St Andrews is a place that is synonymous with the game of golf, and we’ve all heard so many superlatives used to describe The Old Course that it’s perhaps easy to take the history of this links for granted. The earliest reference to golf in this small coastal town in Fife is from 1552, where the charter proclaimed by the Archbishop Hamilton referred to the townspeople’s rights to pasture animals, dig turf and play golf. When the North Sea receded some 10,000 years ago, it had left sandy, undulating linksland which provided the ideal golfing terrain.

The ownership of the links has been complicated. The council sold the land in the late 18th century to help pay off some of its debts, and the new owners, the Dempster family, used the links as a rabbit farm, generating huge uproar amongst the local residents and a twenty year legal dispute known as ‘The Rabbit Wars’. James Cheape bought the land to resolve the dispute and allow locals to play over the links once more, uninterrupted by rabbits. The Society of St Andrews Golfers, granted royal patronage in 1834 and subsequently known as The Royal and Ancient, acted as custodians of the links during this time, maintaining the playing surfaces, paying for a keeper of the green and a caddie master despite the poor local economy. Finally, in 1894, the Town Council acquired the links from the Cheape family and the rights of all golfers were enshrined by law. Then in 1974, the St Andrews Links Trust was established, a body created with the sole objective to govern golf across all of its courses.

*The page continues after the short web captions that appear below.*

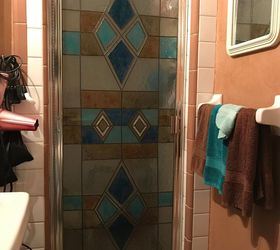 faux stained glass shower door and medicine cabinet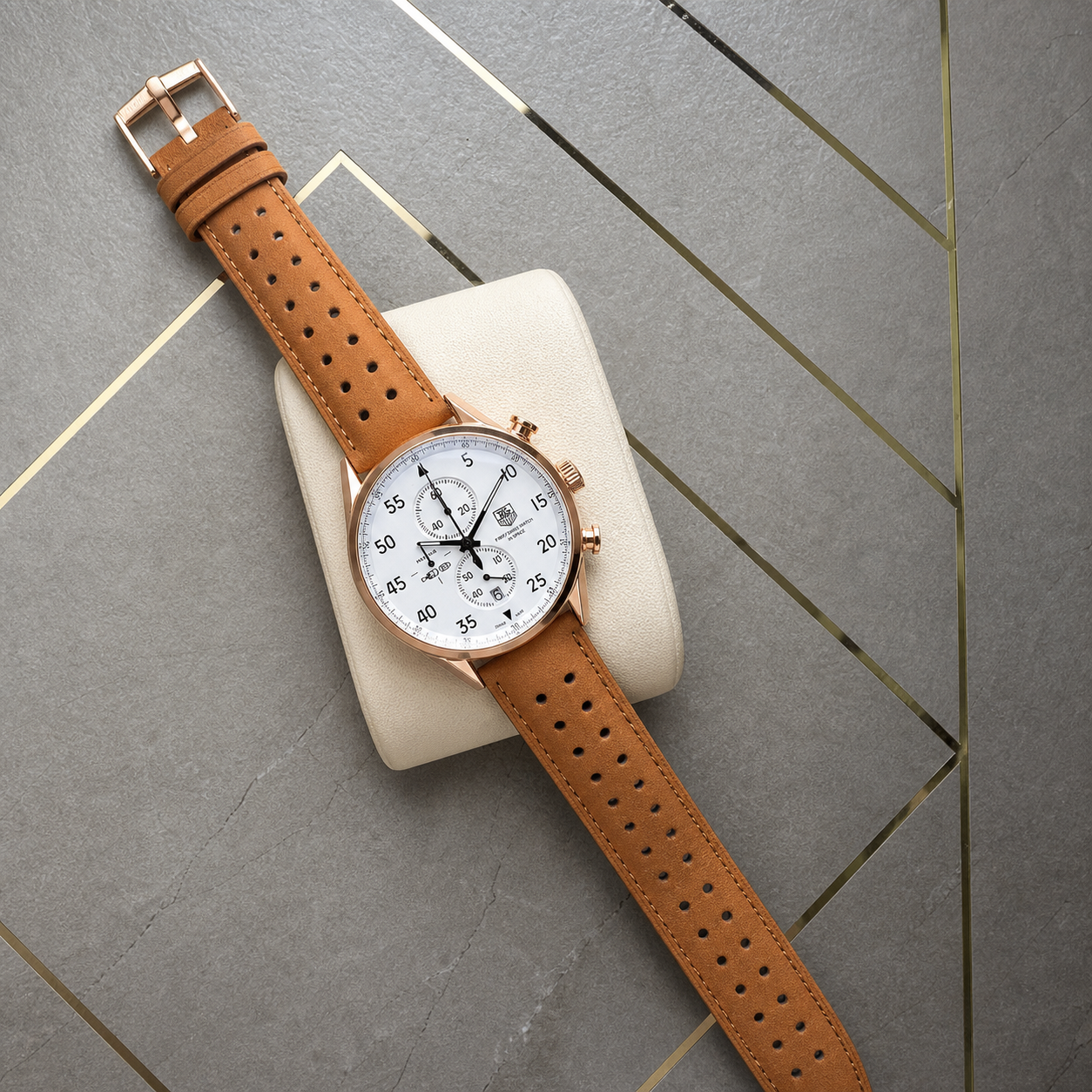 TAG Heuer SpaceX white dial men's watch flat lay at the Primepicks grey and gold office wall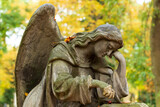 Fototapeta Paryż - Historic Statue on the autumn mystery old Prague Cemetery, Czech Republic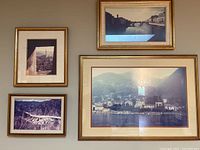Four gold-toned frames arranged on a wall displaying vintage travel-themed photos showing cityscapes and bridges.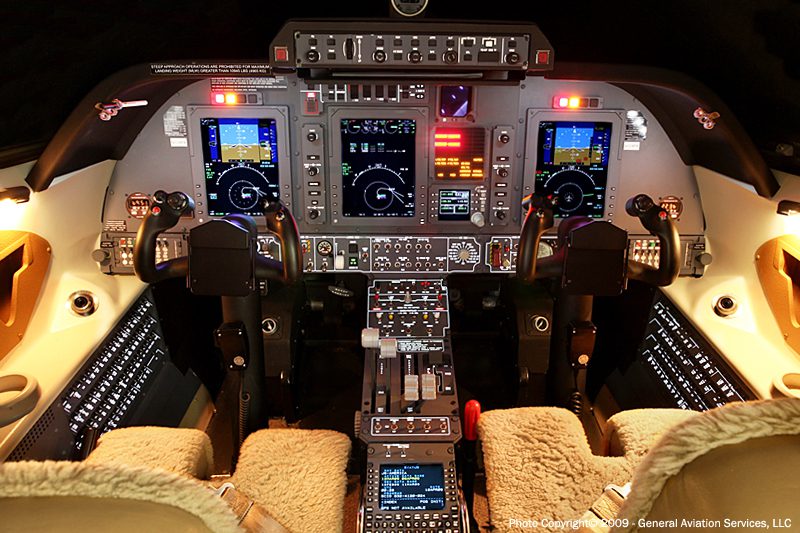 Cockpit view of a modern aircraft with illuminated control panels, dual flight displays, numerous switches, and two pilot seats with sheepskin covers.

St Andrews owes a great deal to several individuals who made this place the epicentre of the sport by the mid-19th century. In 1832, Major General Hugh Lyon Playfair returned from military service in India and invested significantly in the town over the following decades, helping to restore its pre-Reformation grandeur. St Andrews became one of the most attractive residential towns in Victorian Britain, a choice holiday resort thanks to the expansion of the railway line from Leuchars – again, something which Playfair championed and helped facilitate.

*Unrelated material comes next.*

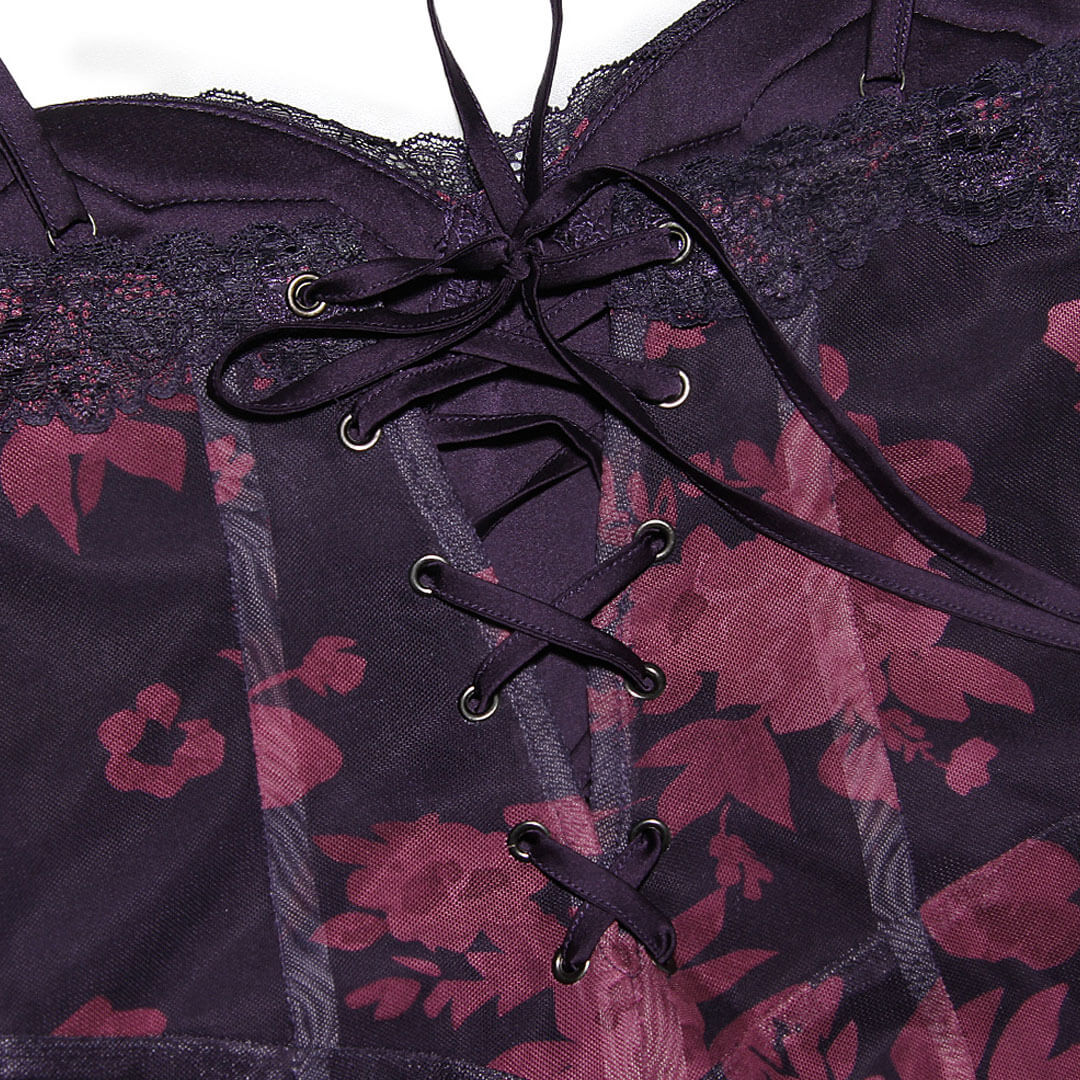 Close-up of the bodice of a dark purple dress, showing lace trim and center front lacing.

Then there were the club makers and professionals. Allan Robertson was regarded as the game’s first professional and the Champion Golfer of his era, the first man to break 80 around the Old Course. Robertson helped grow the game by participating in the entertaining money matches with fellow professionals and amateurs, and he is credited as introducing most of the the famous double greens which are a defining feature of the Old Course. Robertson’s influence was only eclipsed by that of the 18-year-old apprentice he hired, Tom Morris. On returning from Prestwick in 1864 to take up the role of ‘keeper of the green’ at the request of the R&A, Tom carried out a complete revolution of the links – a new 18th green, new 1st green and a completely new front nine, much of this work clearing away large areas of gorse to create new, ‘outward’ fairways closer to West Sands.

It’s fitting that our final film of the Old Tom Trails series focuses on the Old Course, since St Andrews was where Tom grew up and learned the game, and where he took up residence in later life as the statesman of the sport – ‘The Grand Old Man of Golf’. Indeed it was in St Andrews where many apprentices such as C. B. Macdonald would learn from Old Tom, and St Andrews is undoubtedly where Tom’s influence on the global game of golf is most acutely felt.